» **Task requirements**:
Begin the copy at the line containing "2nd image of 2912 Knollview Dr" and end it at the final line of the material below, reproducing each line exactly, without images.

* * *

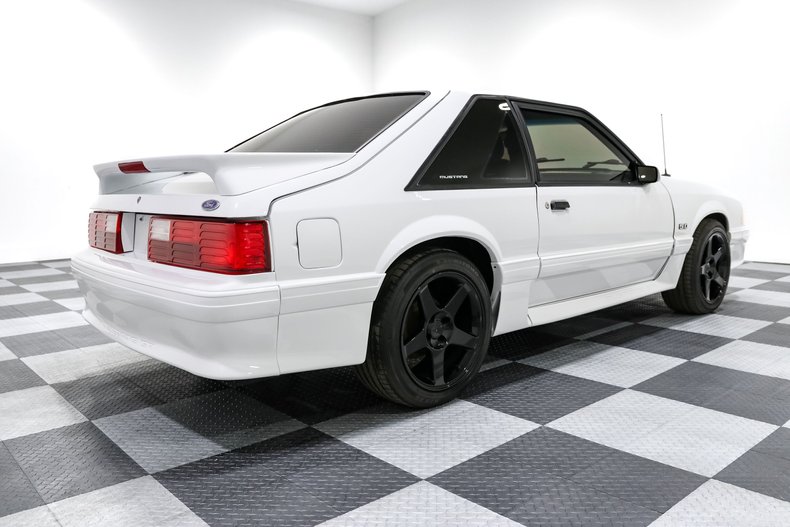 Ford-Mustang-1989-White-Red-12
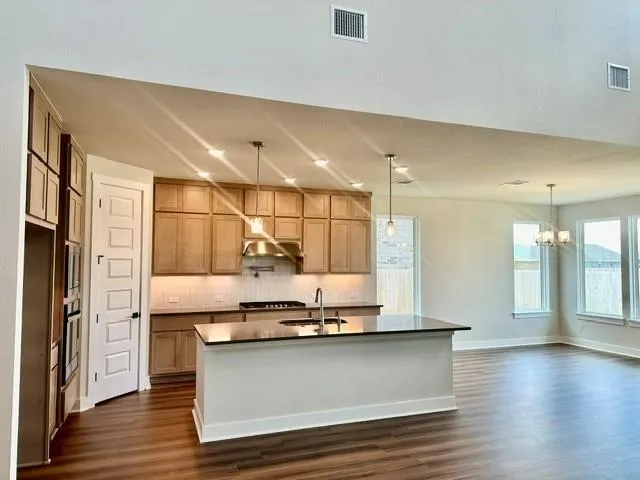 Photo 5 of 19600 ERNA DR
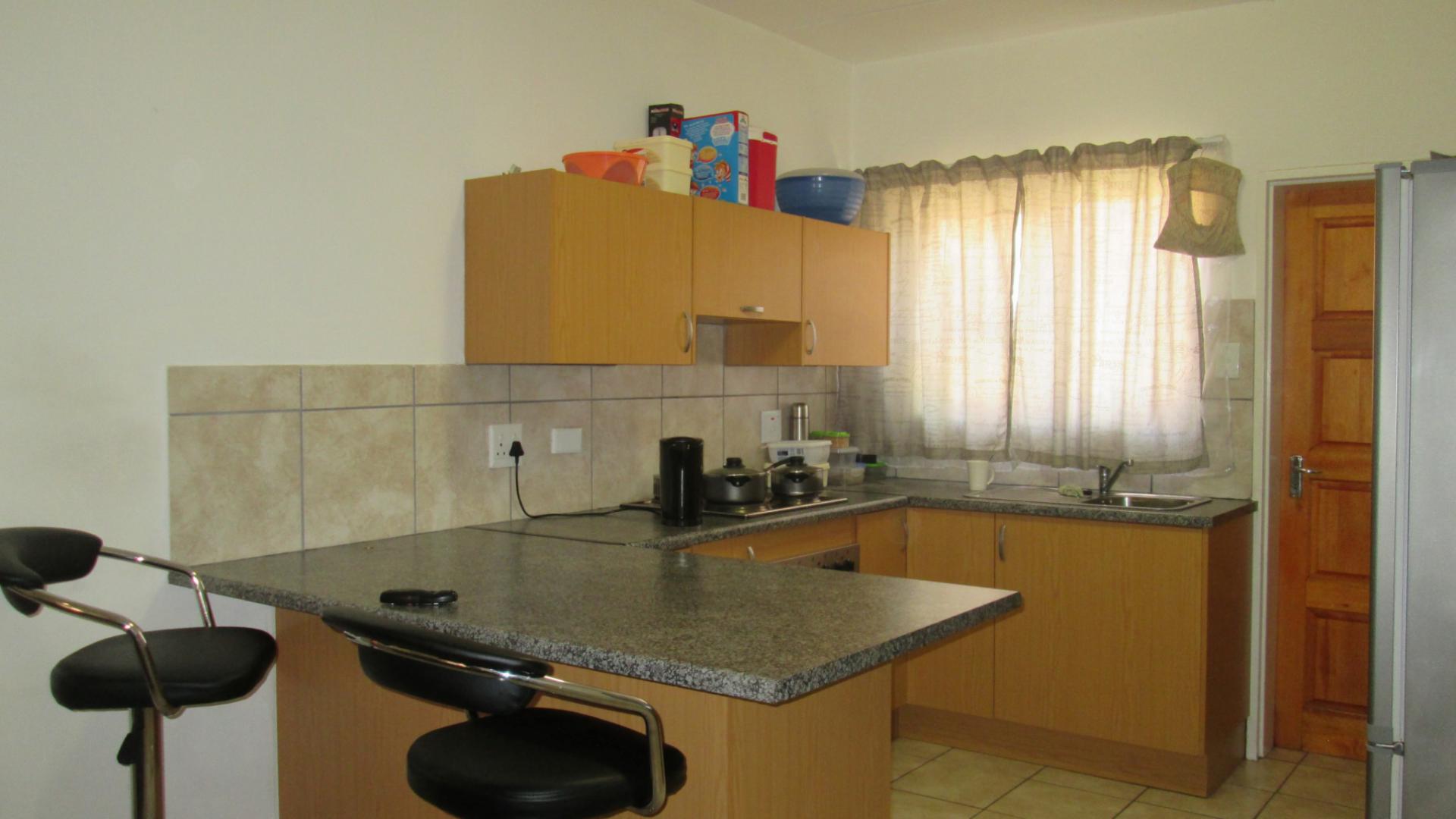 Kitchen - 11 square meters of property in Anzac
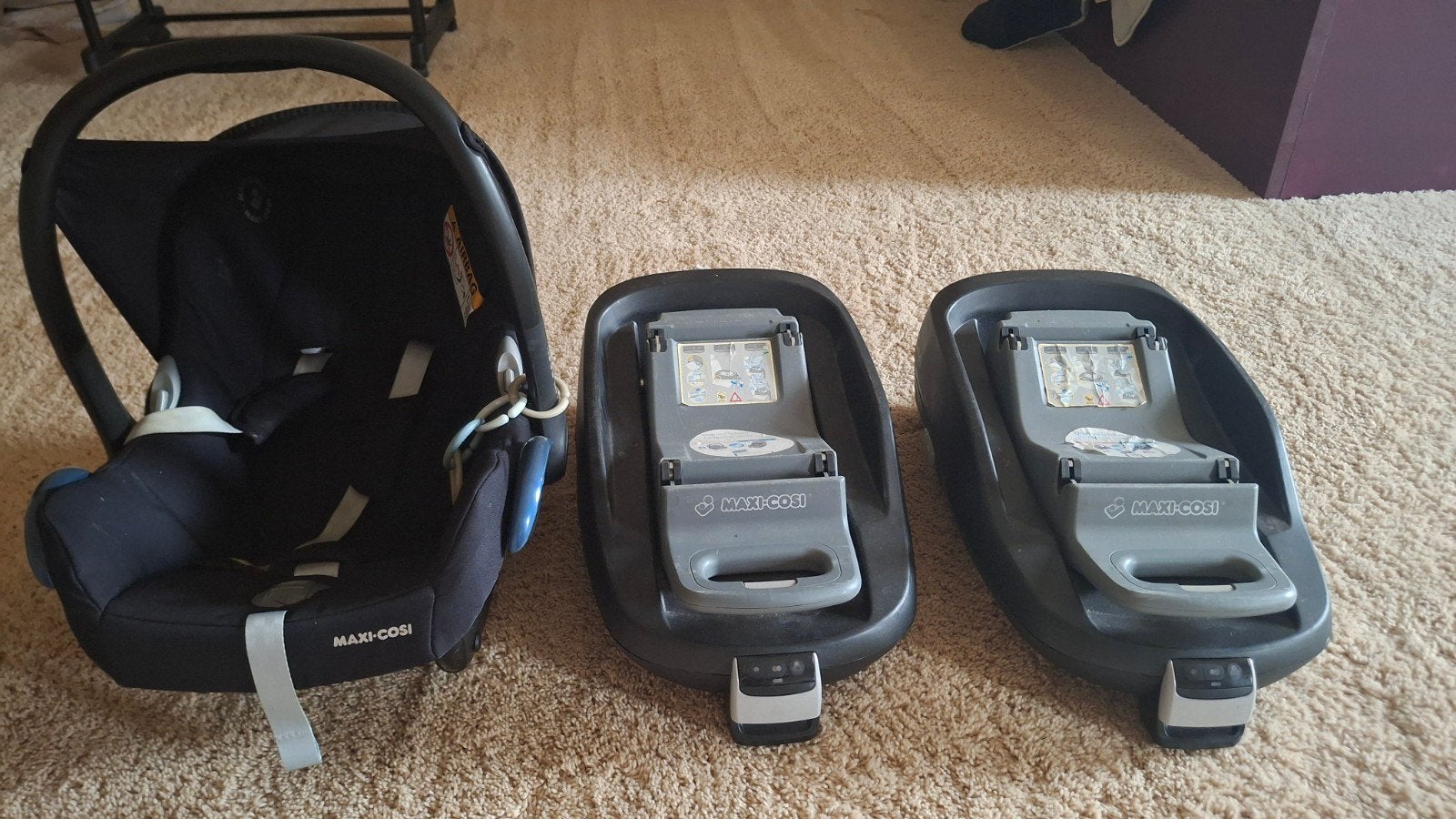 2 Maxi-Cosi FamilyFix Isofix Bases en bijpassende Maxi-Cosi, Ophalen, 9 t/m 18 kg, Maxi-Cosi, Isofix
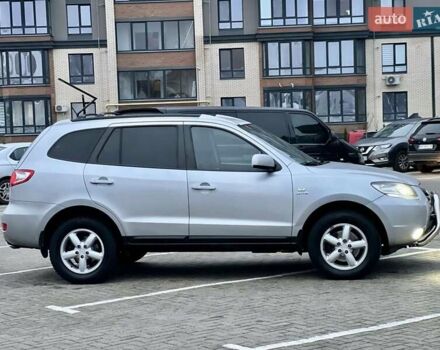 Сірий Хендай Санта Фе, об'ємом двигуна 2.19 л та пробігом 290 тис. км за 8600 $, фото 1 на Automoto.ua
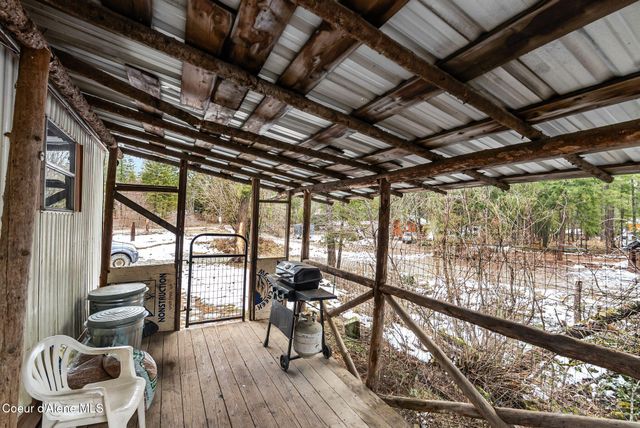 582 Mountain View Rd, Clark Fork, ID 83811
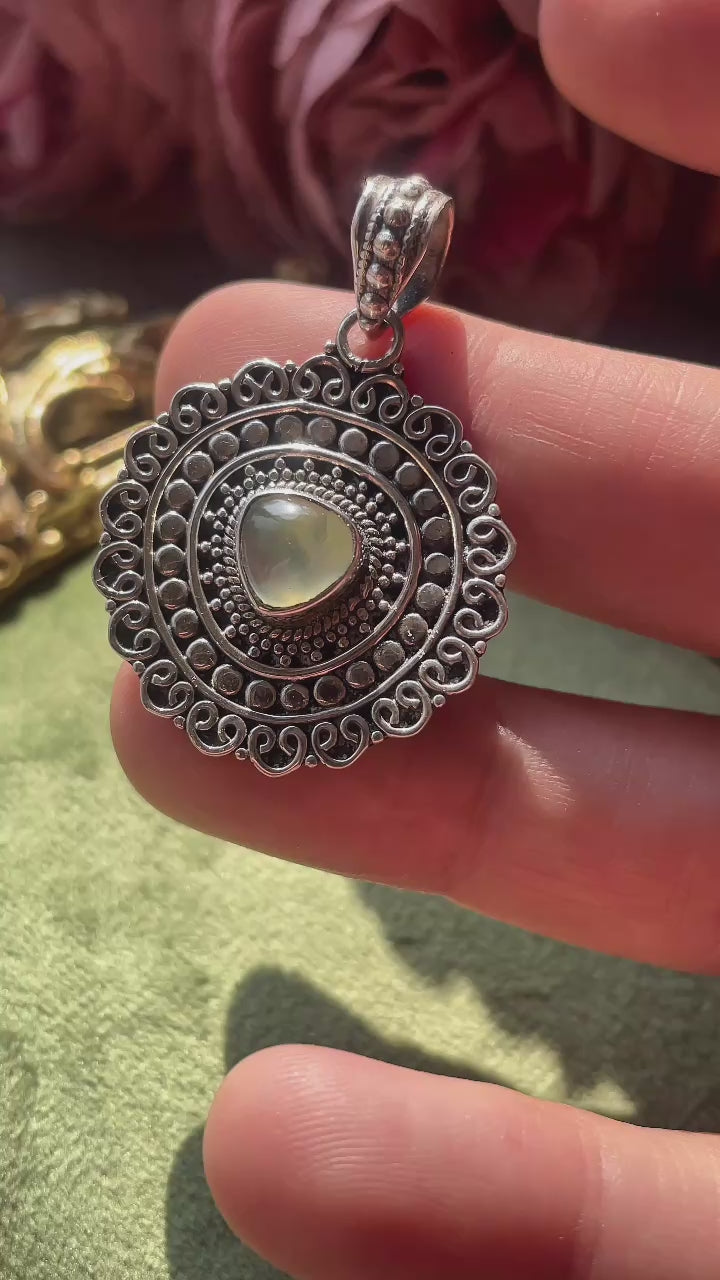 Medallón de Prehenita y Plata 925 - Mirelia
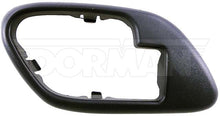 Charger l'image dans la galerie, 81920 Interior Door Handle Bezel Dorman - HELP Canada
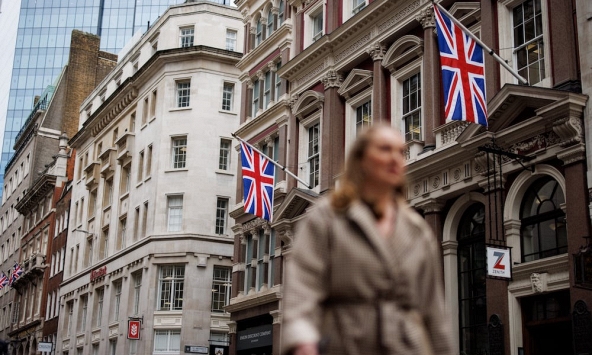 Thị trường chứng khoán sắp bước vào một mùa hè tàn khốc?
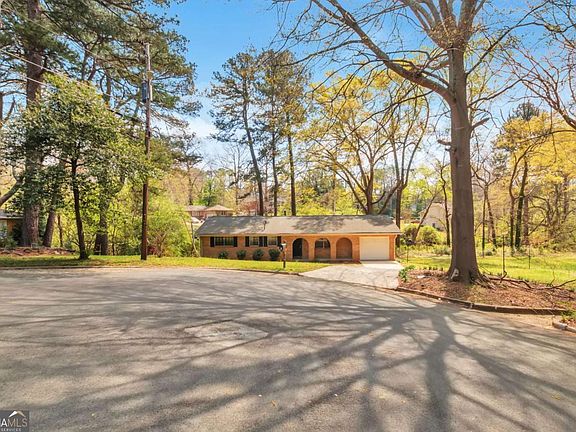 2nd image of 2912 Knollview Dr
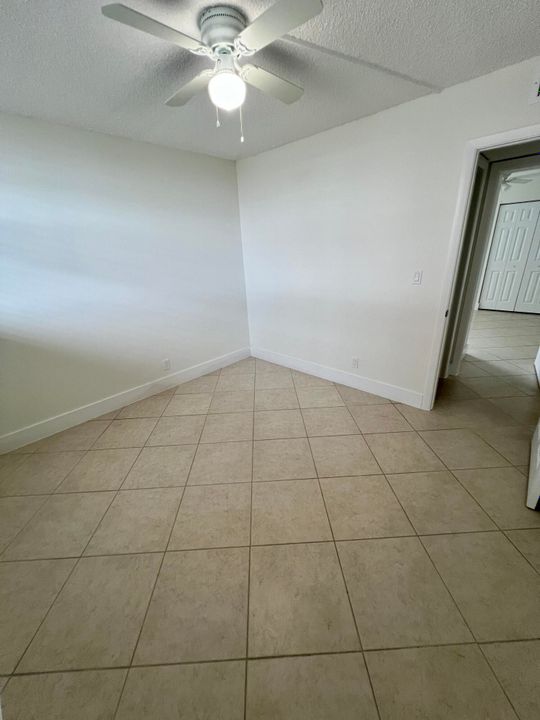 For Rent: $2,500 (2 beds, 2 baths, 1124 Square Feet)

* * *

» **Answer**:
 2nd image of 2912 Knollview Dr
 For Rent: $2,500 (2 beds, 2 baths, 1124 Square Feet)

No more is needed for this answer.